Scientists working on the proposed International Linear Collider (ILC) know exactly what they want it to do -- collide tightly focused beams of subatomic particles with unprecedented energy, recreating conditions during the big bang and unlocking the mysteries of the universe's origins.
Exactly how to do that is another story.
Still in early stages and several years away from being built, the ILC is garnering key design insights from Cornell scientists, who are creating a prototype of a major ILC component called a damping ring. The two-year project, which involves reconfiguring Cornell's existing electron storage ring (CESR) into a damping ring, is called CESR Test Accelerator (CesrTA).
"In the case of the damping rings, there is some fundamental physics that we have to make sure we deal with properly, or we won't be able to succeed in the final design of the ILC," said CESR research associate Mark Palmer, CesrTA's project director.
The ILC would be a complementary machine to the Large Hadron Collider (LHC), a proton-proton collider that is operating at CERN in Geneva, Switzerland. Particles detected by the LHC would then be analyzed more closely by the ILC. Final design plans for the ILC will likely be completed in 2012.

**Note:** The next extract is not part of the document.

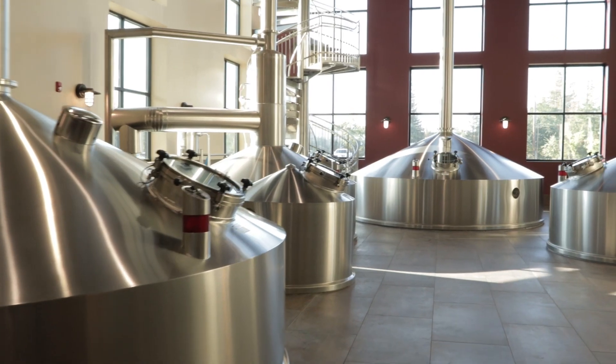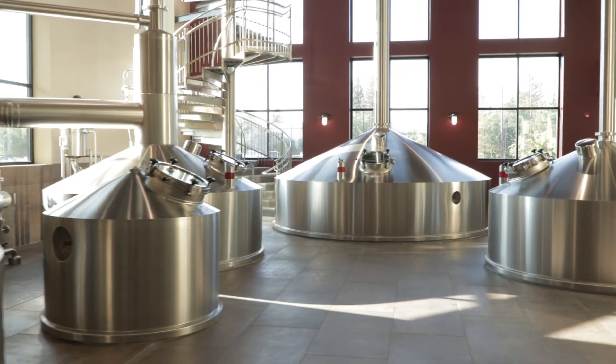So what makes an open top fermenter an open top fermenter? Simply put, there's no lid on it. But tank geometry is a big part of OTFs. Your typical open top fermenter has a one-to-one ratio, meaning it's as wide as it is tall, whereas most tanks are more like a one-to-three ratio, or even a one-to-four ratio at larger breweries with super tall tanks.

Damping rings are circular accelerators in which beams of electrons or their anti-particles, called positrons, are cooled and focused before being accelerated down a straightaway at nearly the speed of light, and collided with an oncoming beam. They are an essential part of the ILC's design; to hurl 10 billion electrons and positrons toward each other, particles must be densely packed into a small, tight beam -- a condition called low beam emittance.
"We're approaching emittance values that have not been very well studied in damping rings of this type before," said Jim Shanks, a physics graduate student working on CesrTA.
The CesrTA scientists are facing numerous challenges in developing the perfect damping ring. They are outfitting CESR with devices called wigglers -- magnets that "wiggle" a beam back and forth to burn off energy in the form of synchrotron radiation and help cool and focus electron or positron beams.
But the synchrotron radiation also causes electrons to be emitted from the beam pipe wall. These electrons can accumulate in the beam pipe and interact with the circulating electron or positron beam. This effect, called electron clouds, causes the beam to scatter. Mitigating the electron cloud effect is a key goal of CesrTA. The problem isn't new; other researchers have found that electron clouds have severely hampered their experiments.
CesrTA scientists have placed 12 wigglers at various locations in CESR, rigging several with different mechanisms to defeat the electron cloud effect. One wiggler is coated with titanium nitride. Another is grooved. All have detectors that measure the size of the cloud and tell whether the strategy is working.
The electron storage ring has been configured for CesrTA since early 2008. Since then, CesrTA scientists have been sharing the storage ring with Cornell High Energy Synchrotron Source scientists, who use radiation from the beams as X-ray light sources.
The CesrTA program, funded by the National Science Foundation and the U.S. Department of Energy, is an international collaboration of scientists from Argonne National Laboratory, Brookhaven National Laboratory, California Polytechnic State University, the Cockcroft Institute, the European Organization for Nuclear Research (CERN), Fermi National Accelerator Laboratory, the Japanese High Energy Accelerator Research Organization (KEK), the Laboratori Nazionali di Frascati, Lawrence Berkeley National Laboratory, and SLAC National Accelerator Laboratory.